Cape Sorrel: The Weed That Brightens Up Our Winters

Winter countryside (9)

From mid-December to mid-April our fields and country lanes come alive with a wild flower the colour of sunshine. During these months, Cape Sorrel grows free and unrestrained. But things were not always like this. This plant was introduced to the Mediterranean from South Africa by an English lady around 200 years ago. The story goes that a few plants were grown in the greenhouses at Argotti Botanical Gardens. Somehow some seeds managed to escape and found the perfect climate and terrain to proliferate. From Malta, this pretty wild flower spread throughout the region. I found a good article by Leslie Vella on Malta Inside Out which goes into  more detail about this – you can read it here.

View from our window (3)

Although this plant was not always indigenous to the Maltese islands, it has adapted so well and become so common-place that few people so much as give it a second glance. Indeed, it can be a bit of a nuisance when it takes over cultivated fields and gardens and has to be pulled out or it will suffocate any seedlings attempting to grow.
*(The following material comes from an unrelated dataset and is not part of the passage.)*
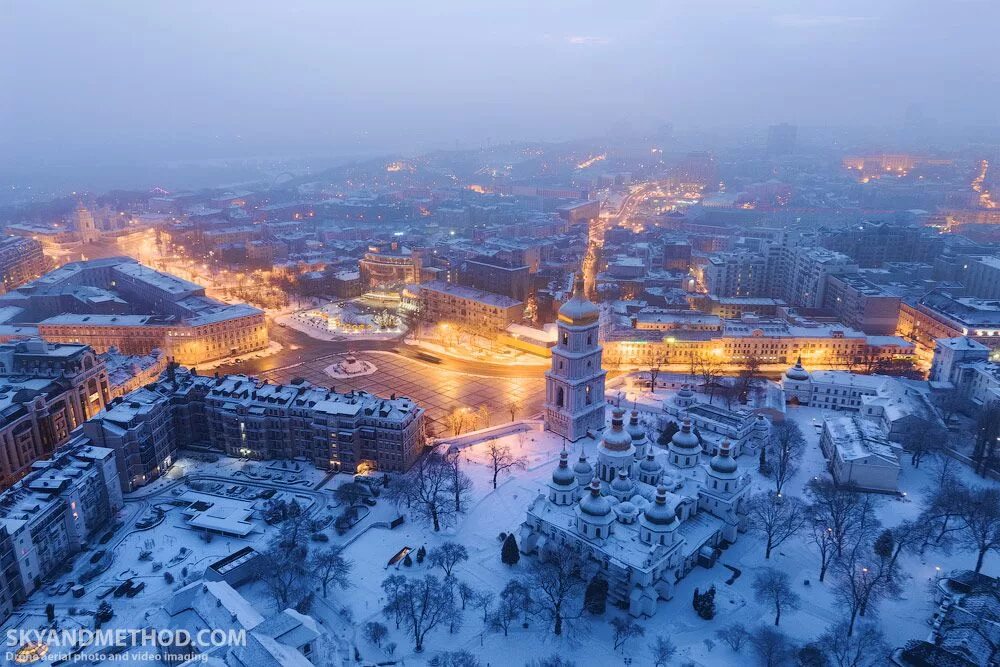 Киев зимой фото Софийская площадь с высоты Аэросъёмка в Киеве и Украине. Фото, видео, FPV Grand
With that peculiar Maltese penchant of re-naming everything under the sun, this wild-flower is called ‘l-ingliza’ – which means the English one, or in this case, the English weed. Children also call it ‘qarsu’ (which means sour) because it is not uncommon to find kids chewing the flower stalks and they are indeed very sour. I am speaking from experience here.

Winter countryside (11)

Like so many things in nature, these pretty flowers come and go effortlessly. No fanfare greets their arrival. It is as if we wake up one morning and the set has been changed. Suddenly our eyes open up to the simple beauty surrounding us as, for a few month, our fields seem to reflect the sunbeams.

Winter countryside (25)

16 comments:

  1. We have similar yellow flowers, the Wood Sorrel, which is small and delicate, much like clover with its three heart-shaped leaflets. They just grow in small clusters here and aren't as bright and sunny as yours, but do come in pink and lavender too.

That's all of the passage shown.